4-Vehicle Crash Turns Freeway Into Inferno
Two men were burned by hot roofing tar Monday in a traffic accident on California 94 during the morning rush hour that caused most of the busy freeway to close for several hours.
The chain-reaction accident occurred at about 8:45 a.m. near the Euclid Avenue off-ramp and involved four vehicles in the westbound lanes of the highway when a load of heating and air-conditioning equipment fell out of a flatbed truck, said California Highway Patrol officer Ron Boggeln.
A van following the truck tried to avoid the debris and slowed suddenly, Boggeln said. The van was hit from behind by an El Cajon Roofing company truck towing a trailer carrying a tank of hot roofing tar. That truck swerved to the left and was hit by an 18-wheel dump truck, Boggeln said. The dump truck then hit the center divider.
“The contact between the two vehicles caused the truck carrying the tar to spin around,” Boggeln said.
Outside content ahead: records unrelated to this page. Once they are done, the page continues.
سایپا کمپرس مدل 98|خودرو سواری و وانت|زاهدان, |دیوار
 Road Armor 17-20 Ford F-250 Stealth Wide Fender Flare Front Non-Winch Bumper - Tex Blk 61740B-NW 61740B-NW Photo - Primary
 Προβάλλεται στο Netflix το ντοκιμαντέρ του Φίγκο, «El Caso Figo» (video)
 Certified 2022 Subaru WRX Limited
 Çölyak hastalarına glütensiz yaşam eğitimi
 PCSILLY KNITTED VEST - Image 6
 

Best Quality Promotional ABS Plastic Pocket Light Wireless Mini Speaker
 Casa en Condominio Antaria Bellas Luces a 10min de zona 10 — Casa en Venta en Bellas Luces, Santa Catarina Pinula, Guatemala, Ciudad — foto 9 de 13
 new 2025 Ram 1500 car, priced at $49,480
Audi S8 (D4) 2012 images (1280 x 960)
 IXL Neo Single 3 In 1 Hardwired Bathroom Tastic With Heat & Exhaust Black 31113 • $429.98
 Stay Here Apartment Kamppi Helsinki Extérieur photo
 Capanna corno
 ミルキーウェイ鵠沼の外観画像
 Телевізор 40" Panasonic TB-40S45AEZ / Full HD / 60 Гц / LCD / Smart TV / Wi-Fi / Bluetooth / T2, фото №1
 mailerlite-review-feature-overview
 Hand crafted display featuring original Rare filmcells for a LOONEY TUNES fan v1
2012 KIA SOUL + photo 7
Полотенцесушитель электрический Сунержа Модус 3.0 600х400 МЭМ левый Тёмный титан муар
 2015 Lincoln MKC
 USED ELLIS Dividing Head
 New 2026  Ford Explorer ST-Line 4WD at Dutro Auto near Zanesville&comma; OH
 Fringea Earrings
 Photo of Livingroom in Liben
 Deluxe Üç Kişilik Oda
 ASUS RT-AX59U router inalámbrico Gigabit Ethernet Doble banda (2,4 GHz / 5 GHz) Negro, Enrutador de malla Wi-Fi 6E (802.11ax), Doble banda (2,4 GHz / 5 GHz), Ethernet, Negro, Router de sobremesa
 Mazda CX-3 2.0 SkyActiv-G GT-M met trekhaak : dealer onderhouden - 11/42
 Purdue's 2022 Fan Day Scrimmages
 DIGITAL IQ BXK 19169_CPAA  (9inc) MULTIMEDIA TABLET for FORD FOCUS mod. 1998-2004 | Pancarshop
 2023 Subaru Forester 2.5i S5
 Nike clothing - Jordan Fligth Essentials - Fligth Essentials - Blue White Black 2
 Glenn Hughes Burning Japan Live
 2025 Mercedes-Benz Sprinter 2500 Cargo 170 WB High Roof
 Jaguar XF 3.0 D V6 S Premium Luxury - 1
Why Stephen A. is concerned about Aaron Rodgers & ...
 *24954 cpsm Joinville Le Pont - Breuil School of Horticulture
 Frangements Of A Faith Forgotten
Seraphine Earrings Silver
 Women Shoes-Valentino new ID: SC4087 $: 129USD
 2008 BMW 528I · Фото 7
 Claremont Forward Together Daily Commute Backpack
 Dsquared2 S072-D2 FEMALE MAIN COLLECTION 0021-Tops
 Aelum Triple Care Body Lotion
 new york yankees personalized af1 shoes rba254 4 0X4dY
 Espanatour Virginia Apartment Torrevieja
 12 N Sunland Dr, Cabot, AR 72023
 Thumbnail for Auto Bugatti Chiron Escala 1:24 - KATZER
The two men who were riding in the bed of the tar truck--George Vazquez, 38, and Billy Ray Snow, 34--were thrown out. Hot tar flew out of the pot and onto them, Boggeln said.
Vazquez, of El Cajon, and Snow, of Lakeside, were taken to UCSD Medical Center. Vazquez was listed in serious condition with second- and third-degree burns over 25% to 30% of his body. Snow had second- and third-degree burns over 10% of his body and was listed in fair condition.
Tar also fell onto the bed of the truck and ignited materials. The driver, Everardo Muniz, and another passenger, Jerry D’Aoust, who was riding in the cab, escaped without injury.
“All I saw (were) things flying,” said Muniz. “The guy in front of us slammed on his brakes, we slammed on ours. I bumped the guy in front of me and got pushed into the other lane.”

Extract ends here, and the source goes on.